The EBRD has introduced a new way of measuring the transition to a market economy, the concept which underpins the design and evaluation of its investments and technical assistance projects.
The transition concept, approved by the EBRD Board of Directors today, comes into practice next year. It argues that a well-functioning market economy should be more than just competitive; it should also be inclusive, well-governed, environmentally friendly, resilient and integrated. These qualities are implicit in the EBRD’s founding articles.
“Because the EBRD’s world has changed, the definition that lies at the heart of its mandate has also been brought up to date,” said Hans Peter Lankes, EBRD’s Managing Director Corporate Strategy.
The 2016 concept refines a notion of transition formulated in 1997, when all of the EBRD’s countries of operations were emerging from communism and faced a similar set of challenges on their way to capitalism. The change reflects both a global evolution since then in defining a successful market economy, and the development of the EBRD’s own work in countries now applying a variety of brands of capitalism and needing different sets of reforms. Following work mitigating the effects of the 2008 financial crisis, the Bank now also understands the risks of reform reversals.
“This is critical for ensuring the political sustainability of market reforms,” said the EBRD’s Chief Economist, Sergei Guriev.
Mr Guriev went on: “In our region today, we see how important governance and inclusion are for market reforms. The countries that have managed to create sustainable democratic institutions are also the ones that have made most progress in economic transition.

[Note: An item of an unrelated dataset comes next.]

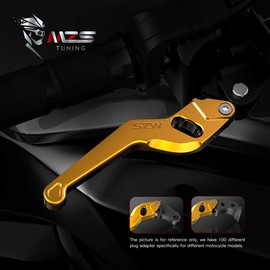 MZS Gold Motorcycle Brake Clutch Levers Short Wheel Adjustable CNC Compatible with EX250 EX300 EX400 | KLE300 KLE300X | KLX125 KLX250 | KLX230 KLX230R KLX300 | Z125 Z250SL Z300 Z400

Reforms should deliver benefits to the majority of the population in both the short and the long term, preventing populism both in times of crisis and in normal times”.
The EBRD was set up in 1991 to support the development of the countries where it invests to market economies based on a strong private sector. The Bank invests alone or alongside commercial partners to promote these goals. EBRD investments must meet the criteria of additionality, sound banking and transition impact. Today, the Bank is investing in 36 countries on three continents and to date has invested more than €110bn through over 4,600 projects.